翌日、俺が午後からのトレーニング用品をリヤカーで運んでいるとスペとテイオーの2人が学園内を走っていた。何をしているのかと思ったが、よくよく思い出せばアニメ版でテイオーがスペを学園案内に連れ出していたのを思い出した。ならもうルドルフやタイキなんかとも接触しているのかな。ついでに声掛けておくか。
「おーい2人とも!」
「あ、正樹〜ってまたリヤカー引いてるじゃん...」
「いやいや、これ便利なんだぞ?」
「マックイーンもダサイって言ってたじゃん。君もそう思うよね?」
「え?えーっと...私はお母ちゃんがよく引いてたからそこまで違和感は...」
「えぇー...それなら自衛隊の車動かしてる方がいいって」
「燃料浪費出来るわけないだろクソガキ」
「言ったなこの〜!!」
テイオーは相変わらずブー垂れるが、いつも通りなので放っておく。
「学園はどうだい?スペシャルウィーク」
「あ、皆さん良くしてくれてとても良いと思います」
「そうか、それなら安心だ。因みにテイオーはクソガキだから注意しろ」
「うっさい正樹!」
「いっ!痛ッデェェ!」
こんのクソガキ!俺の左足を踏んずけやがった!!
バチクソ痛てぇ!!!
「フーンだ!もう行こ!」
「え?だ、大丈夫なんですか?」
「いーのいーの!」
テイオーとスペに放置された俺はその後数分間悶えていた。

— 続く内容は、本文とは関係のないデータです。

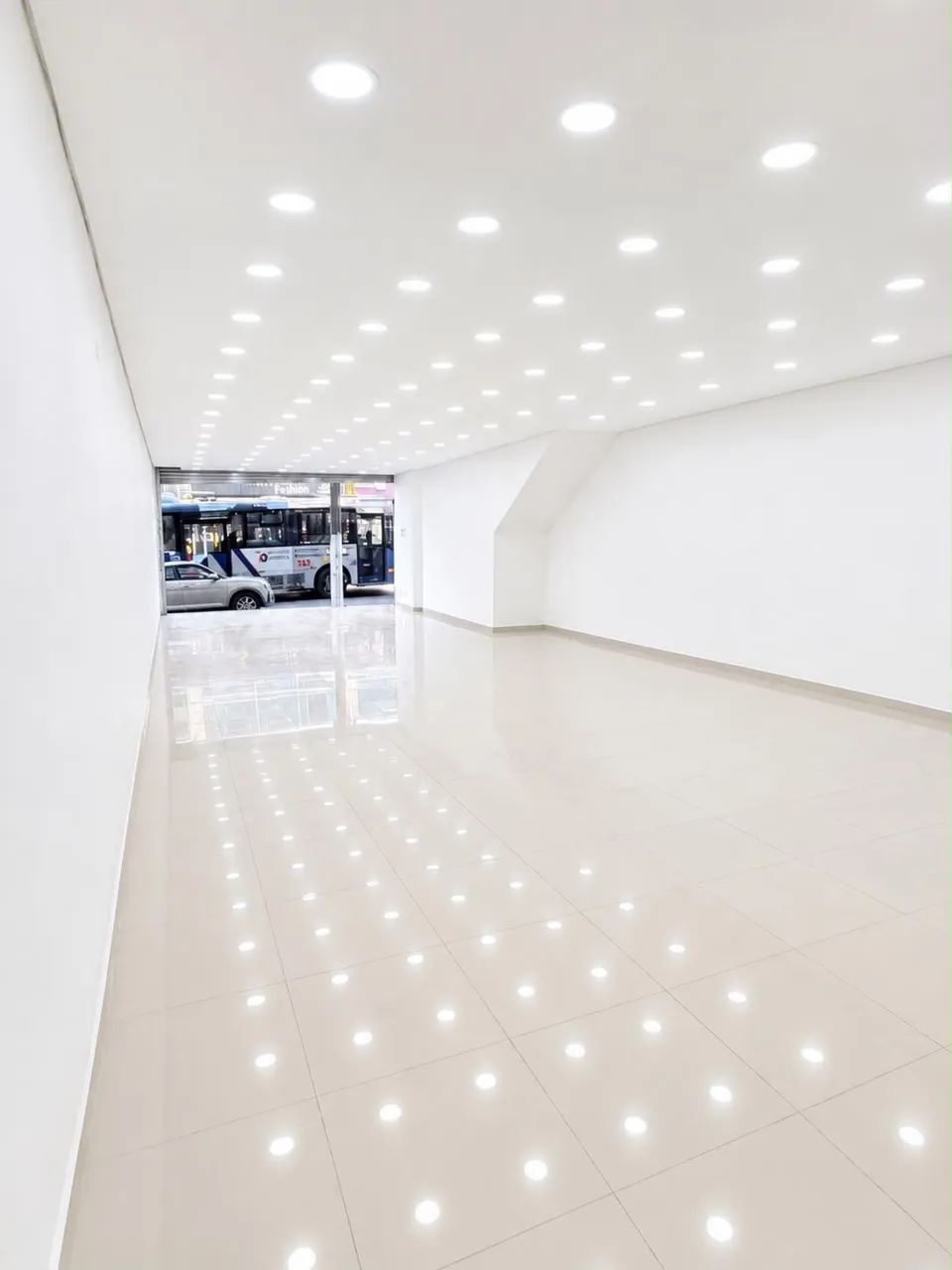 ALUGA-SE PONTO COMERCIAL - EXCELENTE LOCALIZAÇÃO  - Foto 4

ついでにアヤベに「何してるのアナタ...」と冷たい目で見られた...泣きそう。
そんなこんなありながら午後からトレーニングは開始された訳なのだが...。
「次。右手、青」
「うぐぬぬぬ...フッ!」
「おぉ!いいぞスペシャルウィーク!」
「何?このトレーニング...」
何故か目の前で西崎トレーナーが指示係でスペとウオッカとアイルーの3人がツイスターゲームをやってます。スペの言う通り傍から見れば謎だ。

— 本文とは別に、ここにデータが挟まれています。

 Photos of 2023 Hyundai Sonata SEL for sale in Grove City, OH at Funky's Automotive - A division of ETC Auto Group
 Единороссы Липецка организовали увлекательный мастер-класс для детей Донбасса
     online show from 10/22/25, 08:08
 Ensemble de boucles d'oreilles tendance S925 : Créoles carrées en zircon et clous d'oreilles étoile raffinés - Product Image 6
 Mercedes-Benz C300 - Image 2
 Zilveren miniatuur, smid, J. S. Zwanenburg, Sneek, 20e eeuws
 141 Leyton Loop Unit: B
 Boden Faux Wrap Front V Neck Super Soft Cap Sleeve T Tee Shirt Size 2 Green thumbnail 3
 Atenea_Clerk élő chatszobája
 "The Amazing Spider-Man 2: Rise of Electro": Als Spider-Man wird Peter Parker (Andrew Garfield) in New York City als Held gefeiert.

既に仰向けで反り返るウオッカの上に四つん這いのスペが十字型になるように跨っており、その端でアイルーがブリッジみたいな体勢になってる。何この面白い構図...。
「正樹ぜってぇ笑ってるだろ...覚えてろ...!」
「なんで?ねぇなんで俺だけなん?」
恨めしい目に必死で踏ん張る顔のアイルーから、なんか理不尽を押し付けられたでござるの巻。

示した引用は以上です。